Bycie razem, by mogło być określone jako przyjacielskie, musi być szczere i żywe. W relacji z Bogiem możemy czuć się kochani tacy, jacy jesteśmy. Możemy być naprawdę sobą, możemy odkrywać przed Nim to, co jest w nas i możemy zaufać Mu całkowicie. On pragnie przeżywać wszystko z nami. Św. Teresa zachęca: „Rozmawiajcie z Nim często”, ale pisze także: „Rozważajcie słowa, jakie do was mówią boskie usta”; mówienie musi więc także ustępować słuchaniu, bo relacja przyjaźni ze swej natury domaga się wzajemności. Być przyjacielem, przyjaciółką Jezusa to sprawiać, by On także mógł czuć się kochany; to przeżywać z Nim Jego radości i troski. Dotyczy to nie tylko naszego serca, ale i całego życia.

„Modlitwa myślna jest niczym innym – moim zdaniem – jak nawiązywaniem przyjaźni, podejmując wielokrotnie nawiązywanie (jej) sam na sam z Tym, o którym wiemy, że nas miłuje”.

św. Teresa od Jezusa

„Gdy dusza zastanowi się głęboko nad sobą, poznaje jasno, że rzeczy tego świata są próżne i zwodnicze i wszystko się kończy i rozpływa jak woda… Z drugiej zaś strony odczuwa wielki dług, jaki winna Bogu za to, że ją stworzył wyłącznie dla siebie… Czuje wdzięczność za to, że ją odkupił w swej nieskończonej dobroci: wszystko więc co ma, powinna Mu złożyć w dani i odpowiedzieć miłością na miłość i na tyle innych dobrodziejstw, które zawdzięcza Bogu zanim przyszła na świat”.

św. Jan od Krzyża

Wierność

Gdy odkrywa się Jezusa jako Przyjaciela, modlitwa staje się pasją. Przestaje być obowiązkiem, który może nużyć, a staje się wyrazem miłości: nie uzależniamy jej od nastroju, odczuć czy kondycji, ale idziemy na nią wiernie, nawet przekraczając brak entuzjazmu i trud. Św. Teresa wiele mówi o determinacji, która nie jest niczym innym, jak wytrwałością, wiernością w decyzji życia w relacji z Jezusem i spotykania się z Nim na modlitwie, pomimo pojawiających się trudności czy przeszkód. A na samej modlitwie – wierność i determinacja mogą wyrazić się przez świadomy wybór skierowywania swojego wzroku na Pana i ciągłe zwracanie serca ku Niemu, gdy pojawiają się rozproszenia, zmęczenie czy chęć, by inaczej spędzić czas. Pragnienie trwania przy Umiłowanym potrafi podtrzymać w trudzie walki o wierność.

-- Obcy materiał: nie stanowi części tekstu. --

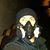 Nathan Farley's profile image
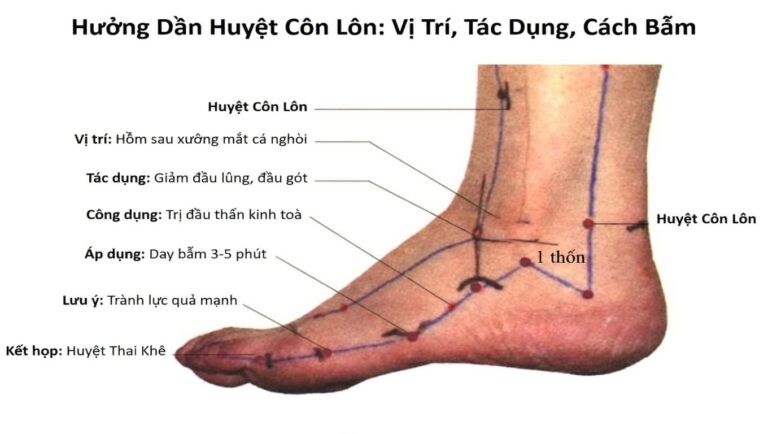 xác định huyệt côn lôn nằm ở đâu và công dụng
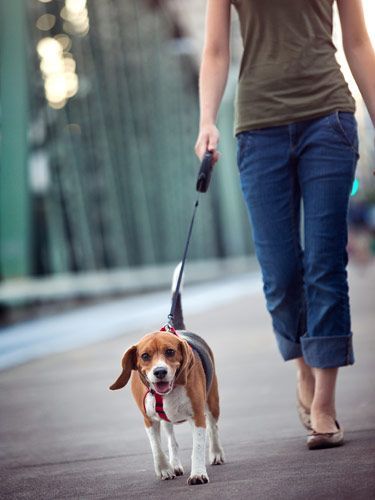 Walking your #dog might seem simple enough, but make sure you are doing it the right way for both of you with these tips. #pets #health House Training Puppies, Cute Beagles, Dog Exercise, Leash Training, Best Dog Training, Training Your Puppy, Dogs Pooping, Beagle Dog, Dog Behavior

„Sądzę, że wszystko na tym polega, by przystąpili do rzeczy z niezachwianym postanowieniem, iż nie spoczną, póki nie staną u celu. Niech przyjdzie co chce, niech boli, jak chce, niech szemrze, kto chce, niech własna nieudolność stęka i mówi: nie dojdziesz, umrzesz w drodze, nie wytrzymasz tego wszystkiego. (…) Nie lękajcie się, córki, że tyle jest rzeczy, na które trzeba się oglądać, wstępując na tę drogę. Jest to królewska droga do nieba, wielki skarb leży na niej ukryty; nie dziw zatem, że wszystko to tak dużo kosztuje. Przyjdzie czas, że się przekonamy, jak dalece wszystko, cokolwiek byśmy dla zdobycia tego skarbu uczynili, prawie jest niczym”.

św. Teresa od Jezusa

„Nie zaniedbuj się w modlitwie, a kiedy poczujesz trudności i oschłość, dla tego samego trwaj na niej, ponieważ Bóg niekiedy chce zobaczyć to, co jest w twej duszy, a czego się nie widzi w czasie pomyślności i słodyczy”.

św. Jan od Krzyża

Życie

Modlitwa odkrywana jako relacja i przyjaźń, pozwala od razu zrozumieć, że ma ona dotyczyć nie tylko tych momentów specjalnych w ciągu dnia, przeznaczonych wyłącznie na spotkanie z Bogiem, ale ma być rozciągnięta na całe życie. Gdy spojrzymy na relacje ludzkie, to jest czas spotkań z przyjaciółmi, ale przyjacielem jest się także poza tymi spotkaniami. Podobnie w relacji z Bogiem: czas przeznaczony na modlitwę to chwile szczególnego pogłębiania więzi z Nim, ale poza tym czasem (pośród zwyczajnych zajęć, obowiązków, spotkań czy odpoczynku) uwagą serca i wyborami zgodnymi z Jego wolą nadal trwamy przy Nim. W ten sposób stajemy się stopniowo ludźmi modlitwy. Modlitwa kształtuje i przemienia całe nasze życie, a życie staje się nieustającą modlitwą – nieprzerwaną, miłosną, pełną dziecięcej prostoty więzią z Bogiem, któremu z ufnością pozwalamy się prowadzić we wszystkim. Św. Teresa, podobnie jak św. Jan, uczą nas tego po mistrzowsku we wszystkich swoich dziełach.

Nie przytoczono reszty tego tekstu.